Alas, I apparently wasn’t finished getting fucked on this day, because I discovered that the mouse had been sold and fulfilled by a third-party vendor, not Amazon. This third-party vendor not only wasn’t going to cover the cost of return shipping, they were also going to deduct $8.30 from my refund to make up for the free shipping they gave me when I ordered. Altogether, that means I’ll only get back about one-third of the price I paid for this heap of slag. What a hose job!

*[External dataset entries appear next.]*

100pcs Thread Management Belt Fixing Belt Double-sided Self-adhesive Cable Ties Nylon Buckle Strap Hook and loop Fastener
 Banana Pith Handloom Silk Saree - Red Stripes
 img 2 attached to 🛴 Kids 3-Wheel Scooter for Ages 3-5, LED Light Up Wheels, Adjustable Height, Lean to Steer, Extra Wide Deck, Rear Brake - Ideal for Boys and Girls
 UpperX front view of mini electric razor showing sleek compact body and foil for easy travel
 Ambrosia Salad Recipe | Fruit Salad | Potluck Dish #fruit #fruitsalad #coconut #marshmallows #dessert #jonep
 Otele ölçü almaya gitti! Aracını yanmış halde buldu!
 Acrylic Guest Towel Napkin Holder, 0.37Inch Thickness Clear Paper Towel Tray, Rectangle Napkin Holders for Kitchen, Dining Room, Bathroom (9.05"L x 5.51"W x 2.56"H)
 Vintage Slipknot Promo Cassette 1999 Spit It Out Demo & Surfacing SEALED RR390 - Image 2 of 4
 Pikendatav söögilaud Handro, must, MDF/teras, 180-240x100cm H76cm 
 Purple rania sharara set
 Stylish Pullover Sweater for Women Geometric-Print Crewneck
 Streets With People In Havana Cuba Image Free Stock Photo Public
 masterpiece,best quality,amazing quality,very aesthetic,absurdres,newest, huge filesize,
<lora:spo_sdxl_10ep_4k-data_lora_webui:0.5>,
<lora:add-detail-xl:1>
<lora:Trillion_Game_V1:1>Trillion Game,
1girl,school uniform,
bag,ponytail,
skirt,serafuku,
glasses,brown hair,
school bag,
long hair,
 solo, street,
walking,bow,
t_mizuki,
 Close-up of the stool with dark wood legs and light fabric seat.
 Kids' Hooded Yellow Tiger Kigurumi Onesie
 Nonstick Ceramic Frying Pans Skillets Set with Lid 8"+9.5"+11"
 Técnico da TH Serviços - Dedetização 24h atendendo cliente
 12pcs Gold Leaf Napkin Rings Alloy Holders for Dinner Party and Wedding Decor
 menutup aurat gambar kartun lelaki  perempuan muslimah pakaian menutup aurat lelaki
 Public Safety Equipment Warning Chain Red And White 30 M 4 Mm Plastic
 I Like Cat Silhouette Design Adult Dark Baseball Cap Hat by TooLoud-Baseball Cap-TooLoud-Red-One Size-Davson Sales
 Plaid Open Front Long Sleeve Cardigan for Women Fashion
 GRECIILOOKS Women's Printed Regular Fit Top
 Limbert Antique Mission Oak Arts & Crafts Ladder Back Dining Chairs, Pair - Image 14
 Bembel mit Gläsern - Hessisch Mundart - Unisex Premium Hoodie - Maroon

As a final insult, I see Amazon has the Logitech MX500 back in stock today and ready to ship via Amazon Prime. Hardly the “2 to 5 weeks” they estimated a week ago.
Let this serve as a warning to Amazon shoppers. My wife actually ordered the Microsoft BlueTrack mouse for me at my recommendation (because she was ordering some other stuff from Amazon that day already). I emailed her a link to the mouse I wanted, and at the time I did, right there in my web browser I saw “ships and sold by Amazon.com” with Prime qualification. But when my wife browsed to the same link, Amazon chose to offer her the product from a third-party vendor instead. This was probably done because the third-party vendor happened to have the absolute lowest available price at that particular second, although the difference was clearly less than one dollar. My wife didn’t notice this, however, and placed the order despite the third-party vendor’s comparably awful return policy. Lesson learned, I guess.
In short, the Microsoft BlueTrack wireless mouse (5AA-00001) is a neat bit of tech, lighter than it looks and nicely equipped, but in the end the battery life was an absolute killer. I actually am returning it as defective, since I refuse to believe that this kind of battery life is indicative of normal operation. On top of that, the mouse had some physical blemishes (light scratches on the bottom consistent with mousing on a hard surface and a sharp edge that kept catching on my mousepad) which lead me to suspect that the unit I received was not even new at all. Another potential caveat of third-party sellers.
To anyone considering this mouse, I suggest you take my experience as non-indicative of typical performance for this model and consider the possibility that I received a lemon. This seems especially likely when you consider the glowing reviews for this thing that you can find floating around the web. However, if you do decide to order one for yourself, make sure you get it from a vendor with a good return policy — such as Amazon themselves.
Oddball Verdict: Fun Fling, But Too High Maintenance. Going Back to Wired.
Supplement: While packing up the mouse last night in preparation to return it to the seller, I discovered some pretty strong evidence that the mouse had been previously opened: the blister pack had tape on it to hold it together. Combined with the scratches on the bottom and the uneven edge, it looks more and more like the vendor sold me a returned or floor-model unit as new, which makes it even more galling that they’re charging me a “free shipping offset” penalty to return it. Bunch of ball-washing bastards.